**What is needed**
When you reach the line that contains "This Volkswagen has" below, transcribe it and each line after it word for word to the end of the records, omitting pictures.

+++

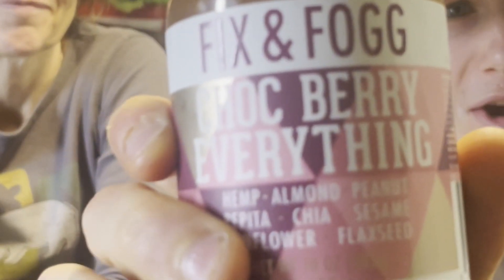Today on the Fast Foodies, my mom and I are going to be trying Chalkberry everything nut butter. This nut butter has hemp, almond, peanut, pepitas, chia, sesame, sunflower, and flaxseed — it's almost like a multi all-in-one. The reason it's called Chalkberry is because they've taken their delicious award-winning everything butter and blended in rich chocolate and chewy mixed berry pieces to create their favorite spread. It's supposed to be crunchy, chocolatey, and berry delicious.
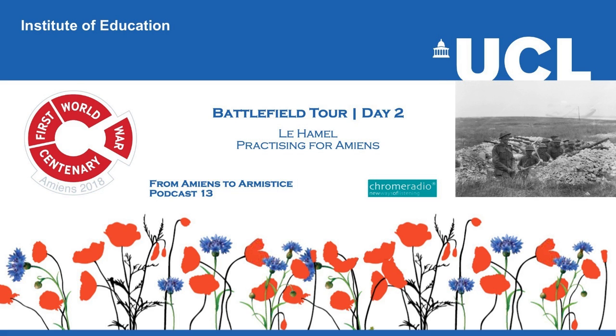Welcome to From Amiens to Armistice, a series of podcasts commissioned by UCL Institute of Education. I'm Simon Bendry, Director of the UCL Institute of Education's First World War Centenary Battlefield Tours Programme.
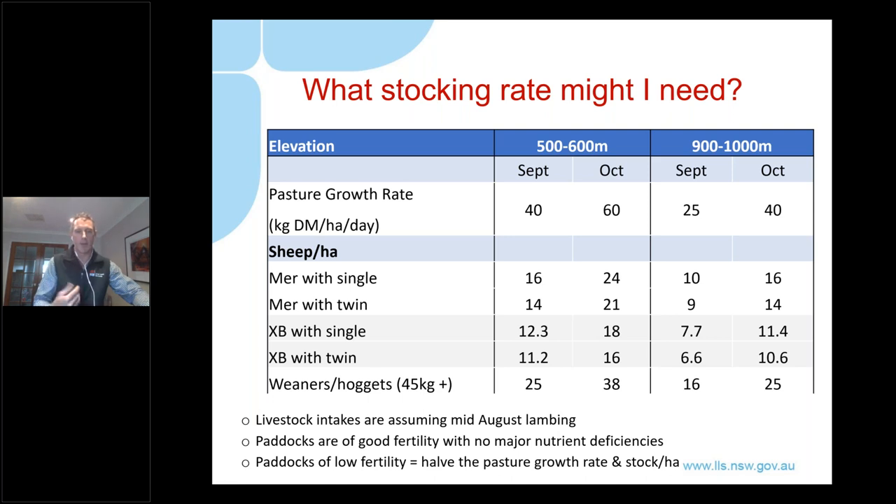Just note that the figures in this table for lactating stock assume a mid-August lambing, and the pasture growth rates assume paddocks have good fertility with no major nutrient deficiencies. If you're dealing with low fertility country that hasn't seen much fertilizer over the years, you could cut those growth rates and stocking rates by roughly a factor of half.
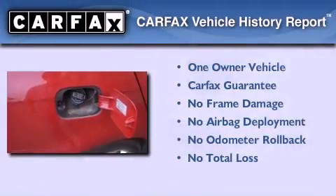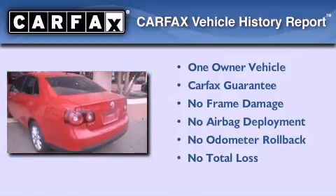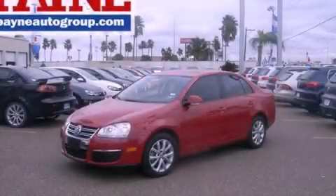This Volkswagen has had only one owner and it qualifies for the Carfax buyback guarantee. Call now to find out how you can own this breathtaking vehicle.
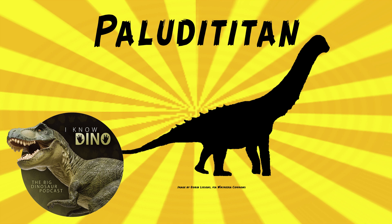Poluticitan fossils were found in 2002 during a Belgian-Romanian expedition. They found a partial skeleton in floodplain deposits, and at the time it was the most complete sauropod found in Romania. It was named and described in 2010 by Zoltán Csiki and others. The type species is Poluticitan nalatzensis — the genus name means 'marsh titan' and the species name refers to where the fossils were found.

+++

**Exercise result**
This Volkswagen has had only one owner and it qualifies for the Carfax buyback guarantee. Call now to find out how you can own this breathtaking vehicle.
Poluticitan fossils were found in 2002 during a Belgian-Romanian expedition. They found a partial skeleton in floodplain deposits, and at the time it was the most complete sauropod found in Romania. It was named and described in 2010 by Zoltán Csiki and others. The type species is Poluticitan nalatzensis — the genus name means 'marsh titan' and the species name refers to where the fossils were found.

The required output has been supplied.